Previous threads:
I’m working in Go now, and have been getting into concurrency. I’ve been writing a few slightly complex component based systems – for practicality I decided to make it concurrent in various places. Obviously this means dealing with all the shit concurrency makes you deal with.
First, a tiny bit of syntax background since most of you haven’t used Go, a goroutine is essentially a routine that operates concurrently with other goroutines (including the main routine). They’re not threads at the OS level (but can be run in separate threads), but for a lot of cases you can basically think of them as threads, since they operate in similar ways. To spawn a goroutine you type “go” in front of a function call. You can sort of think of a function spawned with a goroutine as a unix command launched with & – all it means is that your current goroutine/thread doesn’t wait for it to return.
Another thing to understand is the “defer” keyword which will call a function after the current function returns. Useful for closing files and unlocking mutexes.
I am so happy my test cases accidentally caught this, because I wasn’t testing for it. They just caught it by accident.
// Without too much fluff, this just means "this function belongs to a pointer to an instance of an object of type "system"
func (sys *System) DoSomething() {
go functionWithSideEffect // Spawn a new goroutine with a side effect
}
func (sys *System) functionWithSideEffect {
sys.RWMutex.Lock() // lock a mutex for writing
defer sys.RWMutex.Unlock() // unlock mutex after functionWithSideEffect returns
sys.someVariable = something
}
func (sys *System) GetSomething() VarType {
sys.RWMutex.RLock() // lock a mutex for reading
defer sys.RWMutex.RUnlock() // Unlock after return
return sys.someVariable
}
Seems okay, maybe.
Here were my tests (well, the minimal version)
sys := NewSystem{}
sys.DoSomething()
a := sys.GetSomething()
if a == nil {
Errorf("a wasn't set. Oh no!!")
}
This, being a bug thread, was obviously calling the error function.
What’s the problem? Well… I had a race condition. With mutexes. Specifically, would the reader or writer lock it first?
I figured that it “made sense” to lock the mutex in the new goroutine. This was a bad idea.
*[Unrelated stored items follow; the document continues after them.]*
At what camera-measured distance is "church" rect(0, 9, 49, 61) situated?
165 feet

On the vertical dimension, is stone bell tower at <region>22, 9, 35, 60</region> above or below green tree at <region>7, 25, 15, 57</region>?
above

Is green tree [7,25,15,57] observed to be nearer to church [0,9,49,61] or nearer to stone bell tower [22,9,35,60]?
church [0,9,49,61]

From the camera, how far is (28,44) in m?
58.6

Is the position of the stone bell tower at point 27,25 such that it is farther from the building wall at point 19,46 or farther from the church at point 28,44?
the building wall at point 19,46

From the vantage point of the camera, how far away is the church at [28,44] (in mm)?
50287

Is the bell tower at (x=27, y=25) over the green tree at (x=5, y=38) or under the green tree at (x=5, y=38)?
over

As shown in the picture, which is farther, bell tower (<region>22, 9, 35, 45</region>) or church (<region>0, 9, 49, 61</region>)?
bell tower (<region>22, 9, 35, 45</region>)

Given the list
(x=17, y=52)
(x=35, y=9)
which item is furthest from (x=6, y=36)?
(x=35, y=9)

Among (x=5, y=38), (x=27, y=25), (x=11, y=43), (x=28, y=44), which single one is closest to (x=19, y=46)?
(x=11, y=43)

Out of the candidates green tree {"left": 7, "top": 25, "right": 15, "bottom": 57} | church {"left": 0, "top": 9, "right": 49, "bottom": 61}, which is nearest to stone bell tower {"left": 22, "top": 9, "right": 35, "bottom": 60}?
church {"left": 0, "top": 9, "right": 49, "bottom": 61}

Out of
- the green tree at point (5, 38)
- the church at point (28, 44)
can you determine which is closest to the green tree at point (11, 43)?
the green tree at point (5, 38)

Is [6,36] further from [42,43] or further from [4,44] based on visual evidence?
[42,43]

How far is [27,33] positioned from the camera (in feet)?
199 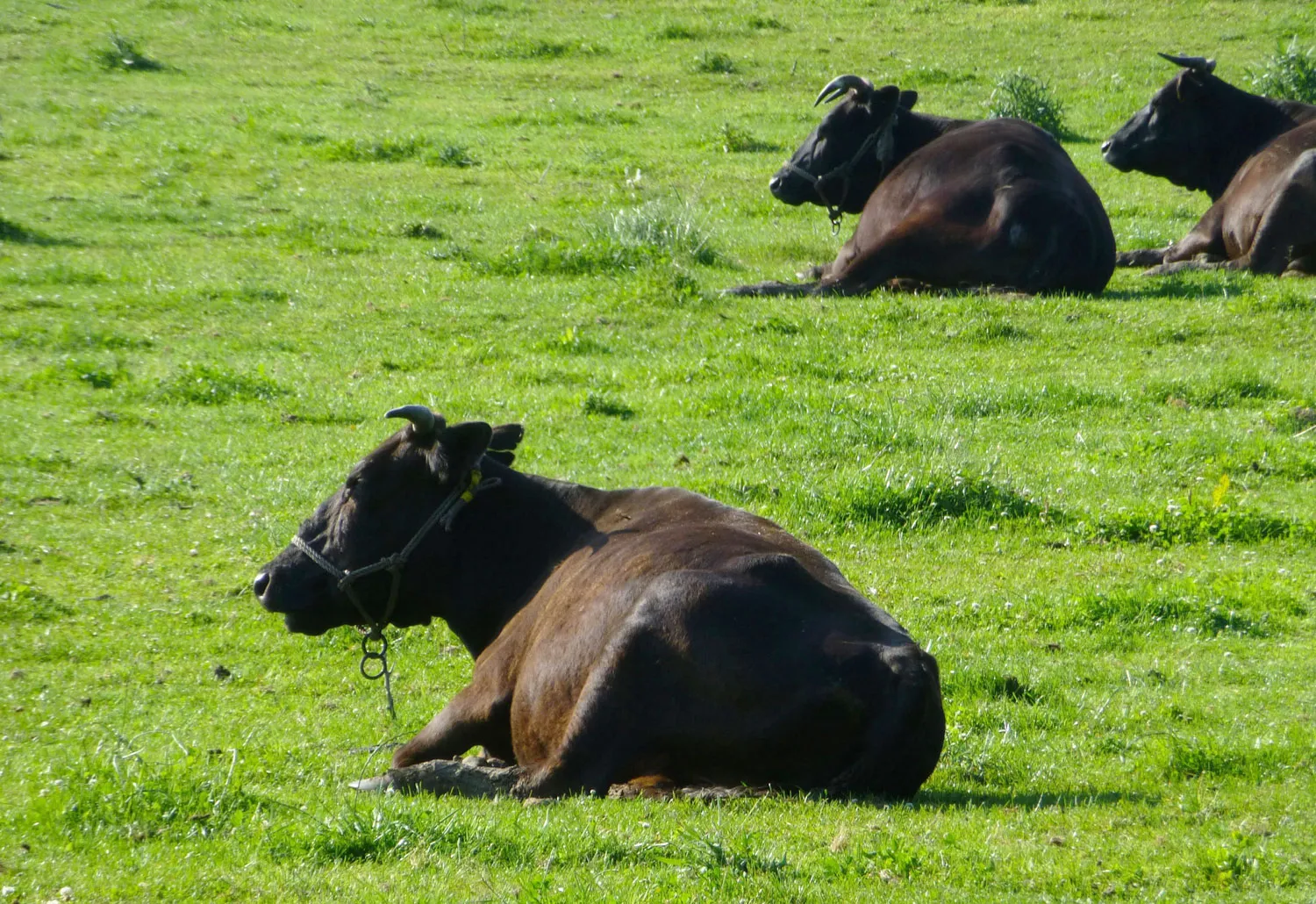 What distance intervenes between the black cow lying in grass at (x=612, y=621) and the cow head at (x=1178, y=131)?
1357 cm

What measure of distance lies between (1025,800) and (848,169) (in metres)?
12.8

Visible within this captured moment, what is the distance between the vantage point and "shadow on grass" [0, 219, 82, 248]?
801 inches

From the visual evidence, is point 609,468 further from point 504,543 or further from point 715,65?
point 715,65

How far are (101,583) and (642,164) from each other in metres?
15.1

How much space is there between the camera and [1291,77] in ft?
83.8

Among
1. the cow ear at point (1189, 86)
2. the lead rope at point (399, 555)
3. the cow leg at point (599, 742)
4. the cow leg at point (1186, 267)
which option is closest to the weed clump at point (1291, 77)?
the cow ear at point (1189, 86)

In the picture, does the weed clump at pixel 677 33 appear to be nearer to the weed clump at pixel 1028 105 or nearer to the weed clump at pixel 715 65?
the weed clump at pixel 715 65

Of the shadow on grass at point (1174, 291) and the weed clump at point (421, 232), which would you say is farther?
the weed clump at point (421, 232)

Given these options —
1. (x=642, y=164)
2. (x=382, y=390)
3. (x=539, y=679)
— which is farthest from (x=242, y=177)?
(x=539, y=679)

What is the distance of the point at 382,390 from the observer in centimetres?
1496

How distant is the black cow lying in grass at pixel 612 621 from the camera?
6.54 metres

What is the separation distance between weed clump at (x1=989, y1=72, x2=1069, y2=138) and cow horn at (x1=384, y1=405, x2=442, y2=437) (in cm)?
1937

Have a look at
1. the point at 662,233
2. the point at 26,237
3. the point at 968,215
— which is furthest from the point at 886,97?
the point at 26,237

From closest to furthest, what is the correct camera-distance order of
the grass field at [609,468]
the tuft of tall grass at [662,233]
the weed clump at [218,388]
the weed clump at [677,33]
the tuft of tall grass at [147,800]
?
the grass field at [609,468] → the tuft of tall grass at [147,800] → the weed clump at [218,388] → the tuft of tall grass at [662,233] → the weed clump at [677,33] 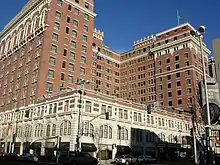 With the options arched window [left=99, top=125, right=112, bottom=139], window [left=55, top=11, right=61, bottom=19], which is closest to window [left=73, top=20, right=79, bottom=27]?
window [left=55, top=11, right=61, bottom=19]

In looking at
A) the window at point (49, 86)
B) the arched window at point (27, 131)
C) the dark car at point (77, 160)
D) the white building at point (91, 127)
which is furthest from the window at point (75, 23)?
the dark car at point (77, 160)

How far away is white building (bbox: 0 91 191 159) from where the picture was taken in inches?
1863

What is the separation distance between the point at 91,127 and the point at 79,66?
23.0 m

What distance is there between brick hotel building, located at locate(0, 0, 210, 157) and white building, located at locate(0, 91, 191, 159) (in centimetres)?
29

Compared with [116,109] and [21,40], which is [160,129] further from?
[21,40]

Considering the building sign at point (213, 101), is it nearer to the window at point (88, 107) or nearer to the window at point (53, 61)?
the window at point (88, 107)

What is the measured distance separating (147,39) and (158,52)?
36.4 feet

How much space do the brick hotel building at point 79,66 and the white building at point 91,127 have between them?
292 mm

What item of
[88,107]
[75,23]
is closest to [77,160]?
[88,107]

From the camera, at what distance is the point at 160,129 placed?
64312mm

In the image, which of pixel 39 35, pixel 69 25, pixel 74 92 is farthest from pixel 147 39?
pixel 74 92

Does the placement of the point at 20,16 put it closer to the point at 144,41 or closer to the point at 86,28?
the point at 86,28

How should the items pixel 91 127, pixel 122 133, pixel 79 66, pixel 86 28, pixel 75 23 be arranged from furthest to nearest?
pixel 86 28 < pixel 75 23 < pixel 79 66 < pixel 122 133 < pixel 91 127

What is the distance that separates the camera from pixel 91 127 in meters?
48.2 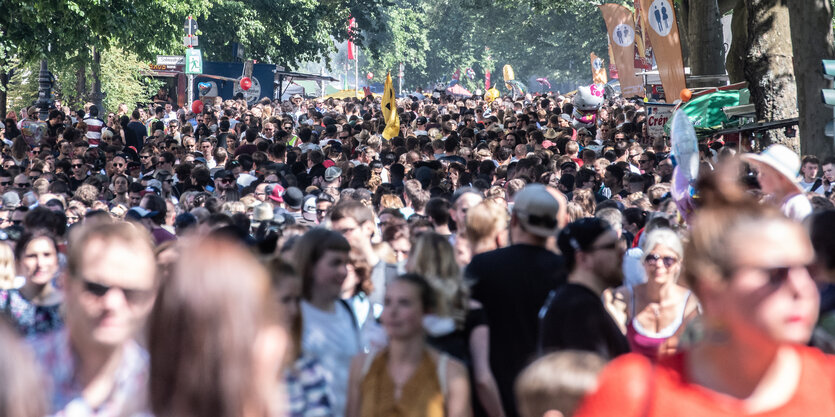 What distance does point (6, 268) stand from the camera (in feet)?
17.3

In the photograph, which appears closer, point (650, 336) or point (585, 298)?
point (585, 298)

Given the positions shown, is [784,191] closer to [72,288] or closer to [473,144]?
[72,288]

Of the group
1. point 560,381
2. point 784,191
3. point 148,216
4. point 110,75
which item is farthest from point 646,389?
point 110,75

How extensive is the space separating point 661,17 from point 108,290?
1602cm

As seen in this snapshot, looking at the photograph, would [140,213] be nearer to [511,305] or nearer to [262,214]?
[262,214]

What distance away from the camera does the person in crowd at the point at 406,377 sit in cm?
392

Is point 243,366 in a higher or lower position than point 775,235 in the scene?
lower

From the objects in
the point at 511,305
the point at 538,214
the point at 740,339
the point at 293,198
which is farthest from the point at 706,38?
the point at 740,339

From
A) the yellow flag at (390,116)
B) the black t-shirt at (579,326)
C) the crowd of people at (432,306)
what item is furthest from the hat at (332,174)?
the black t-shirt at (579,326)

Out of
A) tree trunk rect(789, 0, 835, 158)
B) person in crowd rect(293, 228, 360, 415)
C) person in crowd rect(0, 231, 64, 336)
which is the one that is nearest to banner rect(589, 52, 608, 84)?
tree trunk rect(789, 0, 835, 158)

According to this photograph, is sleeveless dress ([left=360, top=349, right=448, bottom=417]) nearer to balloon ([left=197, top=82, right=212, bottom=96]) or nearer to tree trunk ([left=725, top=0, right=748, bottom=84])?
tree trunk ([left=725, top=0, right=748, bottom=84])

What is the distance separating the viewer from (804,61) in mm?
14969

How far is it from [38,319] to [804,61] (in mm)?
12543

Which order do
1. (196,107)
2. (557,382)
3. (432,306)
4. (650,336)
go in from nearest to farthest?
(557,382) → (432,306) → (650,336) → (196,107) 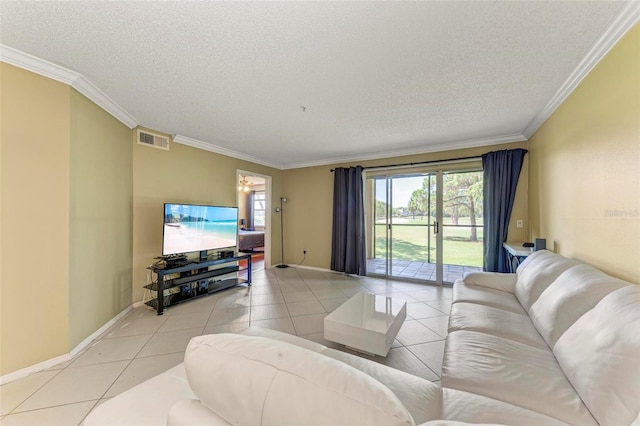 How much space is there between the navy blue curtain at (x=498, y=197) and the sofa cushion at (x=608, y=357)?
8.53ft

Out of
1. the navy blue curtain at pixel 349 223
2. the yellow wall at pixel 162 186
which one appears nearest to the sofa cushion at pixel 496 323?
the navy blue curtain at pixel 349 223

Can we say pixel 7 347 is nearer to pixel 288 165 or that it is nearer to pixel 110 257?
pixel 110 257

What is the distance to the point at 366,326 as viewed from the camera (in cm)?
203

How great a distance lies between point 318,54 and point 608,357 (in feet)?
7.59

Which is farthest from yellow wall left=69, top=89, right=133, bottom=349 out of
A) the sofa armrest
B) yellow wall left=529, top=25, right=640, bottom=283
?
yellow wall left=529, top=25, right=640, bottom=283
You see apparently whatever overhead goes into spawning a new goroutine happens concurrently, so DoSomething() returned before the code ever entered functionWithSideEffect().
However, the GetSomething function was not concurrent and did not have that overhead, so it got the lock first (i.e. didn’t wait for the function we called DoSomething for to do its thing), and thus when it returned the desired variable, it wasn’t set yet because the writer was waiting on the reader to unlock the mutex.
This was easily fixed by locking the mutex before spawning the goroutine, but the reason I put the mutex where it was in the first place was to try to head of race conditions (and concurrent modification problems, obviously).
I’m sure anybody who’s worked with concurrency and multithreaded environments before is laughing at me and how obvious a bug it was. And to be fair, I fixed it in about 10-20 minutes, I just found it annoying and a bit funny that there was a race condition about who was going to lock the thing meant to prevent a race condition.